I’m angry today. I haven’t felt anger like this in a while and it got me thinking about feelings in general and how essential it is to process them and, well, ‘feel’ them. But I know this concept can seem a little abstract, how exactly do we feel our feelings?
Let’s start by recognising why it’s important. Us humans have a wide range of emotions that can be triggered by various things, including both internal and external factors. When we feel negative emotions, our tendency is often to hide them. To push them away.
We do this for a number of reasons. To shield others from knowing how we feel, hoping if we ignore it it’ll go away, or sometimes because they feel too big and difficult to face. Hiding from our feelings can seem like an easier option all round.
And for a time, it might be. If we continue to do this though, the feelings fester. They turn into something corrosive and eat away at us. We might become resentful, bitter and notice our mental health taking a tumble.
When we feel our feelings, we bring them out into the light. We let them breathe. We process them, turn them into something else and release them.
So how exactly do we do this? We’re all different and you may find your own unique way of feeling your feelings, but here are some steps I think are worth considering.
Name your feeling
Acknowledging and naming your feeling is a key first step. I would recommend not stopping at the first name that comes to mind either, dig a little deeper - our feelings can be complex. For example, I said I was angry today and I am. But when I look closer at this feeling I realise I’m also frustrated and, at my very core, I’m scared.
You might find it helpful to create a spider diagram with your feeling in the centre. Use word association to come up with other feelings around this and then circle all of the ones you resonate with right now.
Question where it came from
Once you’ve identified your feeling(s), think about where it came from. This might be easier in some cases than others. The root of my anger, frustration and fear today is pretty clear. I’m angry at the government’s decision to put calorie content labelling on menus at restaurants, cafes and take-away outlets. I’m frustrated that they’re not listening to experts telling them how harmful this will be for people affected by eating disorders. And I’m scared about the impact this could have on my mindset, despite being 15 years into my own recovery.
The root of your feelings may not be so obvious. Find a way to examine it, whether it’s through journaling, talking it out with someone or creating something. Recognise that you deserve the space and time it takes to do this. This is self-care.
Process it in a way that feels good to you
Processing our feelings will look different for everyone. The work you’ve done up until now will lay great foundations - you know how you feel and why you feel it. Now’s the time to turn it into something else. This can take time and it’s important to know there’s no rush. If you’re experiencing grief for example, processing your feelings will be a journey.

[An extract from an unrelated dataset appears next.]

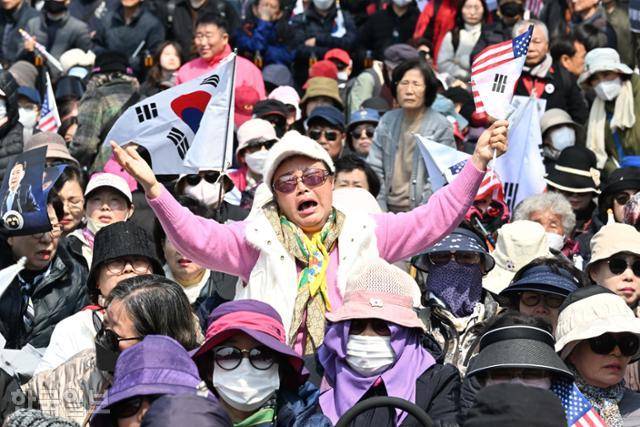 4일 헌법재판소가 윤석열 대통령 파면 결정을 내리자 서울 용산구 한남동 대통령 관저 앞에서 탄핵 반대 집회 참가자들이 분노하며 오열하고 있다. 왕태석 선임기자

Things that can help here include talking it out with loved ones, writing about your feelings, making art, meditating, crying and even taking action. I’ve talked about my anger online, I’ve written about it in my journal and I’ve taken action by writing a letter to my MP. I’m also using the anger to fuel my passion for the work I do. These feelings are making me more driven than ever to help people build their sense of worth.
Get further help if you need it
We can’t always feel our feelings alone. Sometimes they consume us and we’re trapped in the dark. In these cases we need a helping hand to guide us out into the light. This is where I think counselling comes into play. Within a counselling session you can process your feelings safely and find a way to cope with them, manage them and even turn them into something positive.
How good are you at feeling your feelings? I certainly still have moments where I push things away, usually using my favourite numbing tool of choice - scrolling social media. But with several core self-care habits in place (mainly meditation and journaling) I feel like I’m getting better at holding space for myself.